Mrs P’s request for me to ‘help’ her die is ostensibly reasonable. However, once we understand the personal and cultural drives towards making Euthanasia acceptable, we can see that it is incompatible with Christian teaching of God and humanity. Our response should be both individual and corporate. We must choose the more challenging, Biblical route, that of caring for a dying or demented person with Christ-like compassion, respect and dignity. It is ultimately God who comforts the suffering, sick and dying through the presence of His people, and decides the final hour of death.

Bibliography

Charles, D ‘The ‘Right to Die’ in the Light of Contemporary Rights-Rhetoric’ In Bioethics and the future of medicine: a Christian appraisal Ed: Kilner, J.F., Cameron, N.M., and Schiedermayer, D.L. (U.K., Paternoster Press:1995)263 – 278

Fergusson, A. ‘Going West?’ In Triple Helix (Christian Medical Fellowship, U.K. Summer 2005):6-7

Ganzini L. ‘Physicians experiences with the Oregon Death with Dignity Act’ New England Medical Journal (2000): 342

Gillett, G ‘How we should live as Christian Doctors’ in Lukes Journal (Christian Medical and Dental Fellowship Australia, Vic June 2004): 10 - 14

Horton, R “Euthanasia and assisted suicide: what does the Dutch vote mean?” Lancet (2001);357

Myers, K, Physician Assisted Suicide (U.K.: CMF file, 2000)

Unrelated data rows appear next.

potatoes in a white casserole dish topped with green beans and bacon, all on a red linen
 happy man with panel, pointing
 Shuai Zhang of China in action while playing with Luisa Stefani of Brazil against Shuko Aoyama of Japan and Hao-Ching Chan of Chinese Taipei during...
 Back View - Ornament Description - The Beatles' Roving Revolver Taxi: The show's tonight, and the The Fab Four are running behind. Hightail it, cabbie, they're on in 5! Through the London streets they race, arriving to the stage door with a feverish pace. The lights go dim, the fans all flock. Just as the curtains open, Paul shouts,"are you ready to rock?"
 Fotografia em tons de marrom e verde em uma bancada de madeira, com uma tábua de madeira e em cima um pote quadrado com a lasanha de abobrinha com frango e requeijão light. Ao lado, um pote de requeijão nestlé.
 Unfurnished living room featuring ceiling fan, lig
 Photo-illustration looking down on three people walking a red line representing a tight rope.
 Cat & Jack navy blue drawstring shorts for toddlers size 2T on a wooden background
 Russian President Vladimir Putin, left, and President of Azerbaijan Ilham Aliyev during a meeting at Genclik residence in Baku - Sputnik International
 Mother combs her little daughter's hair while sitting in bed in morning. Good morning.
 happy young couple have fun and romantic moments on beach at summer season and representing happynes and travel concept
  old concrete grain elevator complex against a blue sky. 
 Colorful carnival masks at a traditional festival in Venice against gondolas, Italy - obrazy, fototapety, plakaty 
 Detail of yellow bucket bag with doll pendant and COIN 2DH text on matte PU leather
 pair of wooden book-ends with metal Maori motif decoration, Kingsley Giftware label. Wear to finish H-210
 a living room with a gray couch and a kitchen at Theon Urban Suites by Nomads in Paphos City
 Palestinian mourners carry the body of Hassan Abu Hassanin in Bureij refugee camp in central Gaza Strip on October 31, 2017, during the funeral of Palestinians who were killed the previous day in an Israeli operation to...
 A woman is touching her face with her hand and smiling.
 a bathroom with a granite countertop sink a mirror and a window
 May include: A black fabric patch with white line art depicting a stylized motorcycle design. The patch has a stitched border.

Rutecki, G.W. ‘Until Death Shall Be No More: Christian Care for the Dying’ In Bioethics and the future of medicine: a Christian appraisal Ed: Kilner, J.F., Cameron, N.M., and Schiedermayer, D.L. (U.K., Paternoster Press:1995) 279 - 289

Saunders, P. ‘The Euthanasia Bandwagon’ in Triple Helix (Christian Medical Fellowship, U.K. Winter 2005):3

Wyatt, J. Matters of Life and Death: Today’s healthcare dilemmas in the light of Christian Faith (Leicester, U.K.: Intervarsity Press, 1998).